As I said before, that doesn't mean that your work is not good. I do think however, you are possibly trying to run before you can walk in some sense. What I mean by that is that your enthusiasm is fantastic and your love for music is obvious, but you haven't yet got all the tools you need to develop you work. We ALL have room for improvement in our skills and our performance and our knowledge of musical theory. Each time we learn something new, we can then try to apply it to our work, sometimes with more success than other times, but in this way, we keep learning.

Am I right in thinking that you are largely self taught, or did you have some training on the piano?

One thing I would say is that your music (considering it as New age), it could do with a beat and some accompaniment maybe from strings for example, to give it a bit of depth. Who knows, if that is the path you decide to follow, you could well be making money in the future from your work if you keep on developing your skills, I would have to say that it is probably a more lucrative market than exists for new Classical composers.

Don't stop doing what your doing just because people here don't seem to get you. Find your niche and hone your skills and do it because you love it and for no other reason and it will bring you a lifetime of joy.

I think there are sites out there more suited to your style than this one and maybe you would have a more receptive audience on a different site, but that doesn't mean that you should leave this one. You could learn an awful lot here if you really do want to improve your skill set as there are few sites with as many very learned members as you have here.

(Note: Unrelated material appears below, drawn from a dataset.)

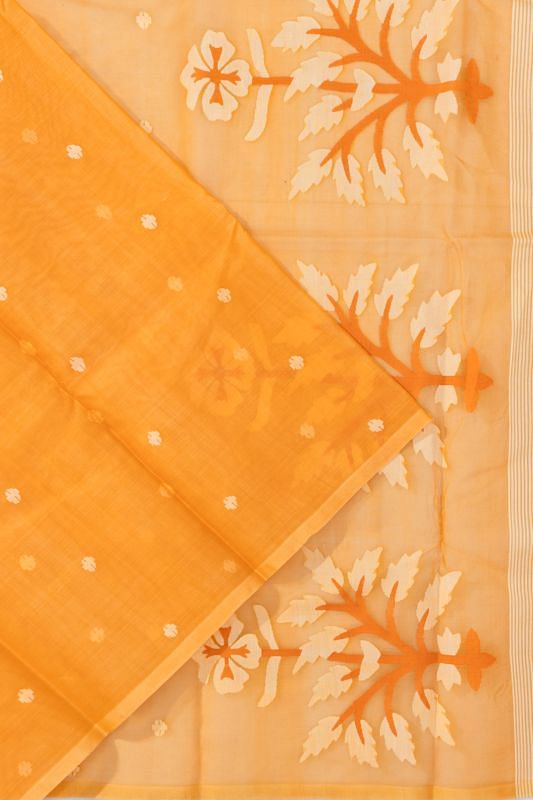 Dhakai Kora Organza Jamdani Butta Orange Saree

I hope you don't mind my comments, these are only my personal thoughts and others may not agree.

Mark


----------



## Alexanbar (May 11, 2016)

A composer make a music because it is the state of his soul.
Of course, it is desirable that his music is needed, but it is a bonus ... 

He must go a long way to popularity.

I think that your music born from hands. I.e. you seet with piano and starting a playing something...


----------



## Captainnumber36 (Jan 19, 2017)

MarkMcD said:


> Hi Captainnumber 36,
> 
> I think that the problem you're experiencing is due to this being largely a community of classical music appreciation. The composers part of the forum is probably one of the least visited sections, in as much as the forum is more designed for folks to "Talk Classical". To discuss all aspects of classical music.
> 
> ...


You said that quite eloquently!


----------



## Captainnumber36 (Jan 19, 2017)

I don't feel broken, I feel understood and I get it! I really needed to hear a lot of the stuff I have learned on this site about my own music.

I'll still post in the other sections though, I still love Classical Music! 

:tiphat:


----------



## Captainnumber36 (Jan 19, 2017)

Alexanbar said:


> A composer make a music because it is the state of his soul.
> Of course, it is desirable that his music is needed, but it is a bonus ...
> 
> He must go a long way to popularity.
> ...


Definitely! I have no qualms with that train of thought!


----------



## mtmailey (Oct 21, 2011)

Maybe put the videos on YOUTUBE they may get more attention that way.Also you may want to create a album to sell .


----------



## Captainnumber36 (Jan 19, 2017)

mtmailey said:


> Maybe put the videos on YOUTUBE they may get more attention that way.Also you may want to create a album to sell .


They are on Youtube. I'm not sure about an album. I'm still in the spreading of the word stage. I have an EP I'm giving away for free though!

https://www.dropbox.com/sh/wnqzug285gmejdx/AAC6y1ysTHeWqzjYk-bv-Vv4a?dl=0


----------



## Sonata (Aug 7, 2010)

I don't go into the composer section much. I'm not technically minded to offer constructive criticism. That said, I DO like New Age style music, so I'll try to check out some of your compositions next week


----------



## mtmailey (Oct 21, 2011)

Maybe try public performance that may get more attention.I see people playing in PHILADELPHIA.the other day was 2 men one playing flute other playing guitar.In city hall one was playing the violin.


----------



## Captainnumber36 (Jan 19, 2017)

Sonata said:


> I don't go into the composer section much. I'm not technically minded to offer constructive criticism. That said, I DO like New Age style music, so I'll try to check out some of your compositions next week


Awesome!


----------



## Captainnumber36 (Jan 19, 2017)

mtmailey said:


> Maybe try public performance that may get more attention.I see people playing in PHILADELPHIA.the other day was 2 men one playing flute other playing guitar.In city hall one was playing the violin.
> View attachment 95138


I play at Nursing Homes as much as possible.


----------



## Alexanbar (May 11, 2016)

Captainnumber36 said:


> Definitely! I have no qualms with that train of thought!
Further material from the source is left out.